Limbo è “un luogo o uno stato di oblio in cui le persone o le cose vengono considerate come relegate quando messe da parte, dimenticate, passate o superate”. L’opera utilizza barriere retrattili per controllare lo spazio. Impresse con citazioni di persone richiedenti asilo e rifugiate, tratte dallo studio “Loss, Grief, and Growth” di Steve Taylor e colleghi, le barriere riproducono la banale architettura dei meccanismi di controllo istituzionali e le loro conseguenze sulla vita delle persone. Riposizionando le barriere, la convenzionale staticità dello spazio viene sconvolta da una rete di controllo che riflette l’incertezza dei sistemi di attesa, delle code fisiche come dei sistemi istituzionali.

Senza cura non è accoglienza
Parlare di accoglienza è facile. È facile nei discorsi, nei convegni, nelle dichiarazioni d’intenti. È più difficile, invece, quando l’accoglienza si misura con i corpi vivi, con le ferite invisibili e i silenzi ostinati di chi ha attraversato l’inferno per cercare un altrove possibile.
Alla porta del Naga Har arrivano persone che hanno già attraversato troppo.
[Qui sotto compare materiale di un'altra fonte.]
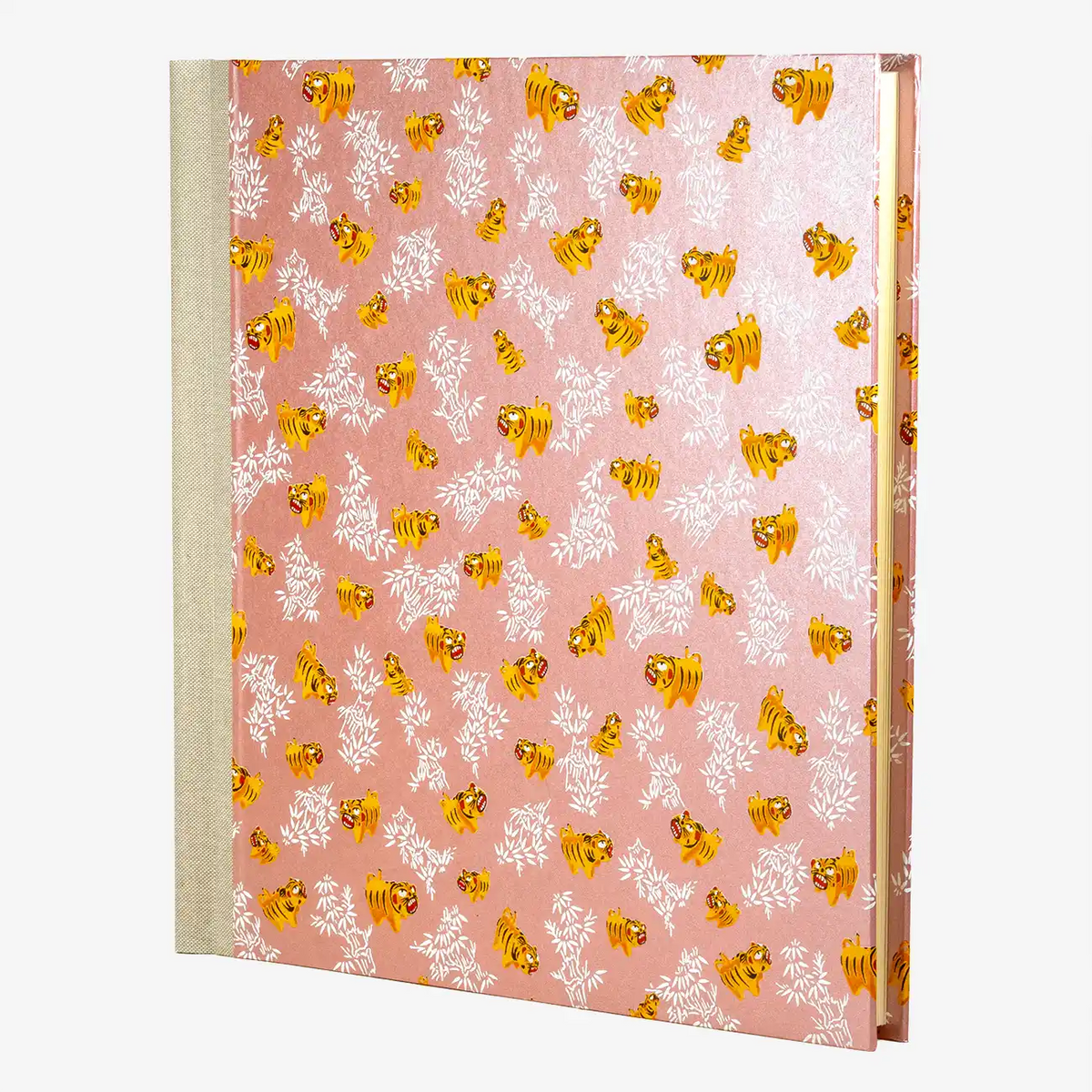 Blaupause-Fotoalbum-30x30cm-60-Seiten-creme-bezogen-mit-Chiyogami-Tiger-auf-pearlrosa-cover-seitlich-vorn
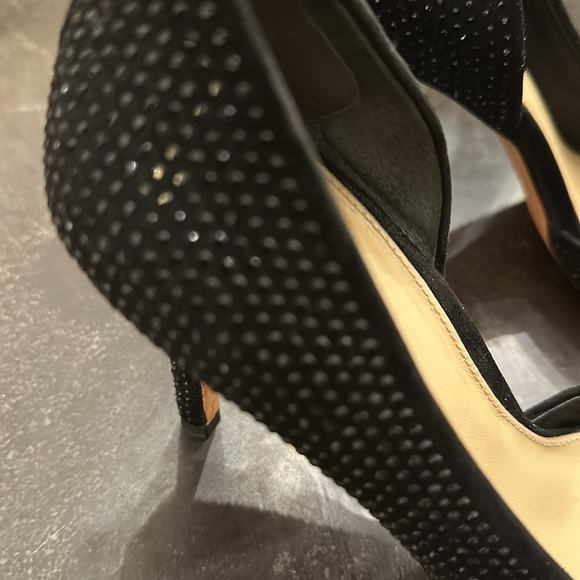 COACH SPARKLE BKACK HEELS. - Picture 4 of 7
Alcune, come il ragazzo raccontato nella Rubrica I LUOGHI, si portano addosso la perdita, la colpa di essere diversi, il rifiuto, la strada, il carcere, e infine un club notturno come ultimo rifugio di dignità. Altre, come quelle che incontra Valter Tanghetti nel SAI Valle Trompia, portano segni meno evidenti, ma non meno profondi. La sofferenza psichica non è solo sintomo, è frattura di senso. E spesso non nasce nel Paese d’origine, ma lungo le rotte, nei lager, nella burocrazia spietata e nei non-luoghi della ‘mal-accoglienza’.
Tanghetti ci ricorda che la salute mentale è benessere diffuso, relazionale, comunitario. Che l’accoglienza è, in sé, atto terapeutico: può curare, può ferire. I numeri sono chiari: nel SAI da lui gestito il 18% degli ospiti ha bisogno di supporto psicologico, il 4% di cure psichiatriche. Eppure i centri davvero pensati per la fragilità sono pochi. Troppo pochi. Così ci si ingegna, si costruiscono équipes interne, dispositivi etno-psichiatrici, si forma chi accoglie. Si tenta, nonostante tutto, di tenere insieme pezzi di vite e di sistemi.
Accogliere davvero è accogliere tutto: anche il malessere, la rabbia, la lentezza, la ricaduta. È restare, anche quando l’altro sembra non voler risalire. È un atto politico, umano, radicale. È accettare che non c’è accoglienza senza cura, e non c’è cura senza ascolto.
Questo è il nostro compito. Ricordarci, ogni giorno, che accogliere è creare luoghi che curano. E che anche un sorriso condiviso, in un piccolo ufficio pieno di carte e speranze, può essere un primo passo verso la salvezza.